Título: Fim do nepotismo, uma importante decisão
Autor:
Fonte: Valor Econômico, 22/08/2008, Opinião, p. A14

O Supremo Tribunal Federal (STF) decidiu que é vetada a contratação de parentes em até terceiro grau, incluindo cônjuges, para cargos da administração direta e indireta da União, dos Estados e dos municípios. A única exceção feita foi para cargos de governo, como ministros e secretários. A proibição liminar do nepotismo na administração pública é um passo importante para romper com uma cultura onde a ocupação de um cargo público, não raro, é feita sob o entendimento de que a ele inclui o direito familiar sobre um território - um município, um tribunal ou um departamento da administração pública, por exemplo. O primeiro grande passo foi dado pela Constituição de 1988, que definiu como regra que a porta de entrada do serviço público é o concurso. A decisão do STF vem coibir abusos à exceção a essa regra.

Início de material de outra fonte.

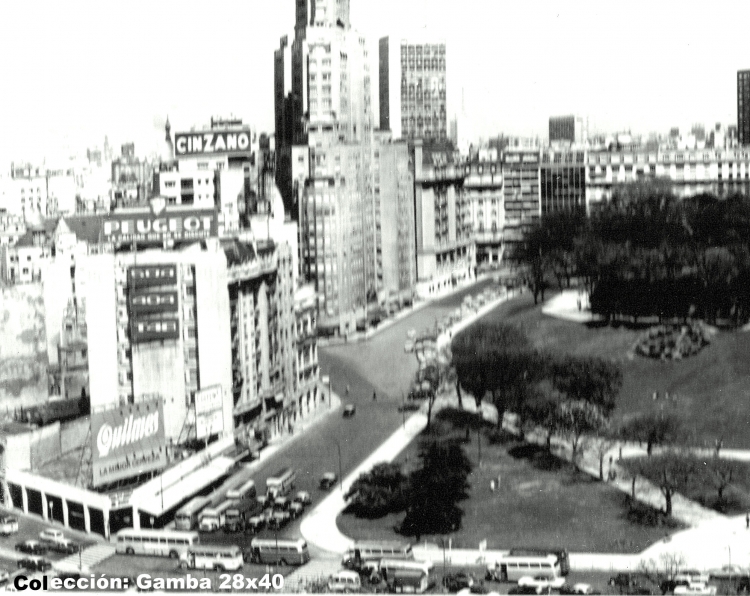 Leyland Royal Tiger - Chicago
Plaza San Martín, a mediados de la década del 60

Foto. Mateo E Giordano
Colección: Gamba 28x40
Palabras clave: Gamba / Alem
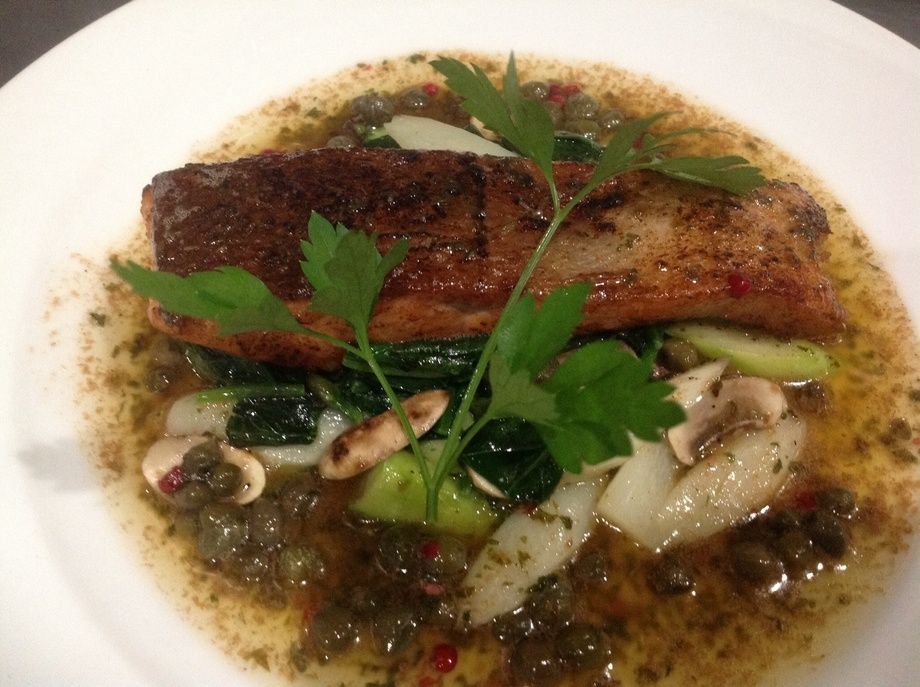 サーモンのムニエル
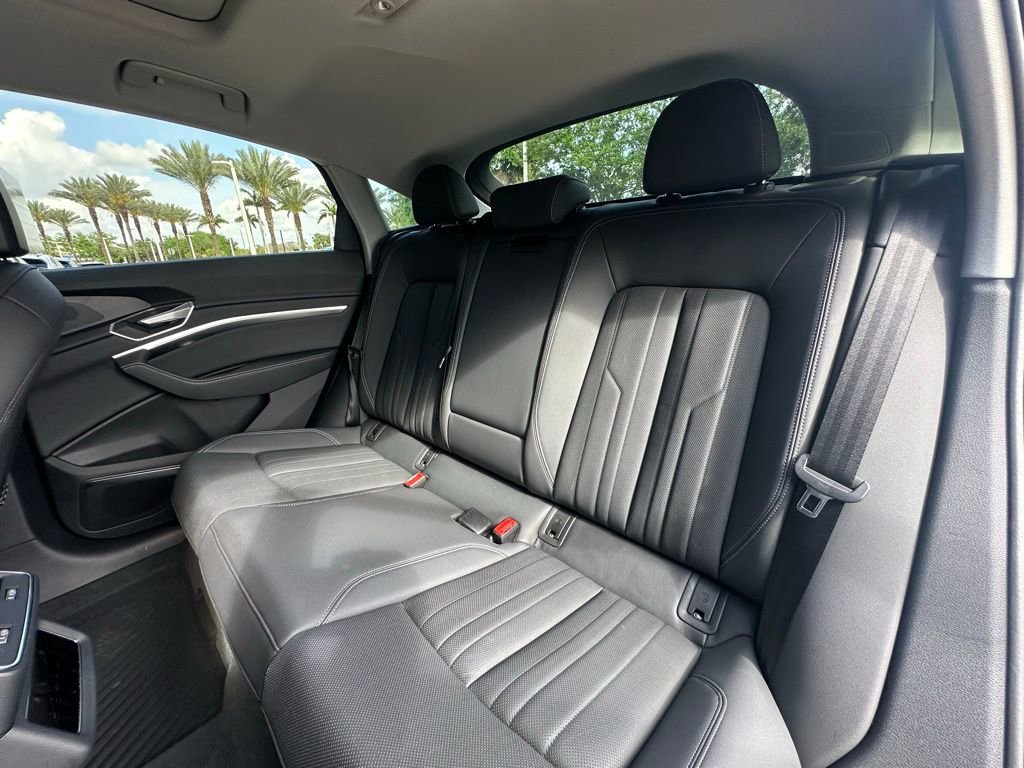 Used 2022 Audi e-tron Premium Plus w/ Premium Plus Package image 38
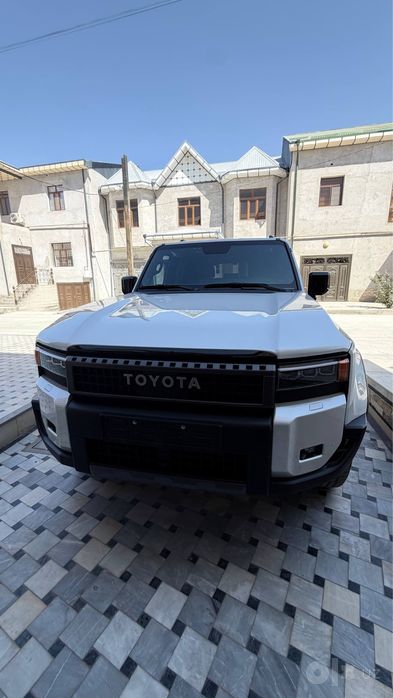 Toyota Prado 250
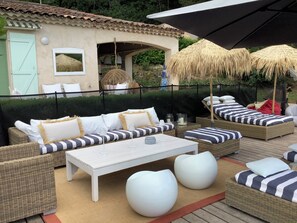 Terrace/patio - Villa with salty infinity pool and view over hills on French Riviera (Tourettes-sur-Loup)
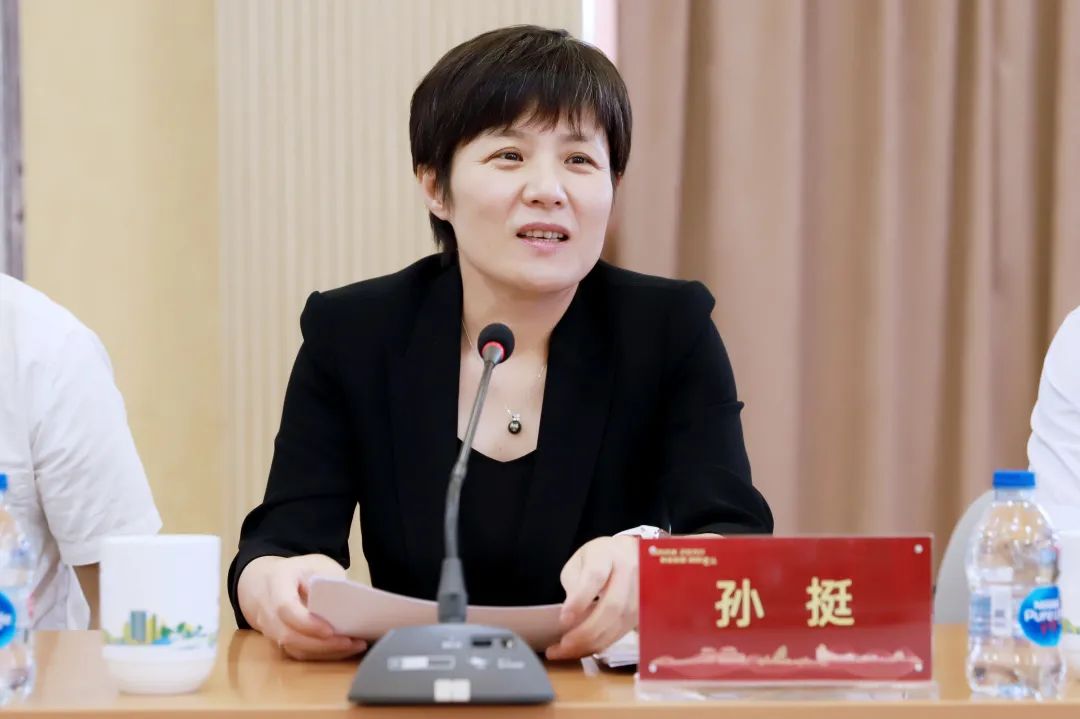 今天区卫健委两家中心揭牌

A Constituinte acabou com as contratações em massa às vésperas das eleições - que em Estados do Nordeste, por exemplo, eram capazes de eleger o candidato apoiado pelo governo com o salário pago pelo contribuinte. A brecha deixada, todavia, foi destinada aos parentes. É uma regra no Legislativo a contratação de parentes para os inúmeros cargos em comissão associados ao gabinete do parlamentar. Se no âmbito do Executivo federal essa prática é mais discreta - embora não se possa dizer que ela inexista -, nos municípios a contratação de parentes quase que faz parte do "pacote": o prefeito se elege para a prefeitura e ganha mais um tanto de cargos que, acredita, pode preencher como quiser. A Justiça também não escapa disso. Aliás, um dos julgamentos realizados pelo STF que deu margem à decisão foi o de uma Ação Declaratória de Constitucionalidade (ADC) da Associação dos Magistrados do Brasil (AMB), que pretendia garantir a aplicação da resolução do Conselho Nacional de Justiça (CNJ) que proibia a prática de nepotismo no Judiciário. A decisão da CNJ, de 2005, foi sucedida por uma série de contestações de juízes do país inteiro, que queriam manter uma tradição em que o contratante em cargo público decide, sem regras ou interferências, quem contratar para um cargo de confiança e de preferência escolhe um parente, no pressuposto de que ninguém merece mais confiança do que alguém da família. A AMB, que tem tido uma gestão exemplar na defesa da transparência da magistratura, provocou uma manifestação do STF - e, com ela, uma súmula vinculante - para evitar que inúmeras contestações judiciais inibam a ação profilática da CNJ.

O julgamento de um recurso à nomeação de um irmão do vice-prefeito de Água Nova (RN) como seu motorista, e de um parente de um vereador nomeado como secretário, deu ao STF o pretexto para generalizar o entendimento aos demais poderes e definir exceções. O STF entendeu como "cargos políticos" excluídos da norma apenas os ministros e secretários.

O resultado prático da edição da súmula vinculante é que o Ministério Público poderá protocolar diretamente no STF reclamações contra os desobedientes. A súmula é um instrumento ágil, que pode erradicar rapidamente o nepotismo da vida pública brasileira. Num primeiro momento, aliás, espera-se a movimentação de uma massa humana no próprio Congresso. O deputado Arnaldo Faria de Sá (PTB-SP), relator de uma emenda constitucional que tramita há três anos e pretendia erradicar o nepotismo, estimou para o jornal "Folha de S. Paulo" que existam pelo menos 1.500 servidores do Legislativo federal que têm parentesco com os parlamentares. Uma forma comum de driblar tentativas de inibir o nepotismo tem sido as contratações cruzadas, isto é, um parlamentar contrata o parente do outro, que retribui contratando um seu parente - ou juiz com juiz, ou parlamentar com juiz fazem essa troca de favores. O STF pretende coibir também essa prática. Será mais difícil, mas de qualquer forma, definir o nepotismo como inconstitucional e ilegítimo expõe para a sociedade uma intenção moralizante. O próximo passo é reduzir ao mínimo o número de cargos de confiança. Se União, Estados, municípios; Executivo, Legislativo e Judiciário; administração direta e indireta - enfim, se os entes públicos profissionalizarem suas gestões, chegará um momento em que a sociedade entenderá que deverão fazer parte dela, com pouquíssimas exceções, apenas os que tiverem prestado concurso público.